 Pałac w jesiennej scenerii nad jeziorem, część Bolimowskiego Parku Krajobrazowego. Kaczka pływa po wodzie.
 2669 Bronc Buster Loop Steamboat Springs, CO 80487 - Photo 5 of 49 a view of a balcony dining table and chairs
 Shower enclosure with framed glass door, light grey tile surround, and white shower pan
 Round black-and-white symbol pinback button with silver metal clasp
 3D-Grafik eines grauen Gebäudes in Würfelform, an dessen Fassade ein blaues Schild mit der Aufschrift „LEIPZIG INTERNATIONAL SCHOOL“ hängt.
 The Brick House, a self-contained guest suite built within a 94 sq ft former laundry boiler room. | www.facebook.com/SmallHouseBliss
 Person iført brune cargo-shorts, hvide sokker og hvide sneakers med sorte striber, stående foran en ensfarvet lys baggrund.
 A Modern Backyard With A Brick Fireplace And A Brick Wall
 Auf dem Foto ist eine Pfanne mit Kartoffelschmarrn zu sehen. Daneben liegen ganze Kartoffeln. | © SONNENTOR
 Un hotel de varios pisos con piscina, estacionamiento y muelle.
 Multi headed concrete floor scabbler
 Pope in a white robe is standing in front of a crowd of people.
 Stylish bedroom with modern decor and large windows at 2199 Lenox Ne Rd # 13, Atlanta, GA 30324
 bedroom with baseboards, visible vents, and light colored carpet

_Work request_. Retype the entries exactly from the first line, stopping after the line with "3D-Grafik eines grauen".

_Task response_.
 Pałac w jesiennej scenerii nad jeziorem, część Bolimowskiego Parku Krajobrazowego. Kaczka pływa po wodzie.
 2669 Bronc Buster Loop Steamboat Springs, CO 80487 - Photo 5 of 49 a view of a balcony dining table and chairs
 Shower enclosure with framed glass door, light grey tile surround, and white shower pan
 Round black-and-white symbol pinback button with silver metal clasp
 3D-Grafik eines grauen Gebäudes in Würfelform, an dessen Fassade ein blaues Schild mit der Aufschrift „LEIPZIG INTERNATIONAL SCHOOL“ hängt.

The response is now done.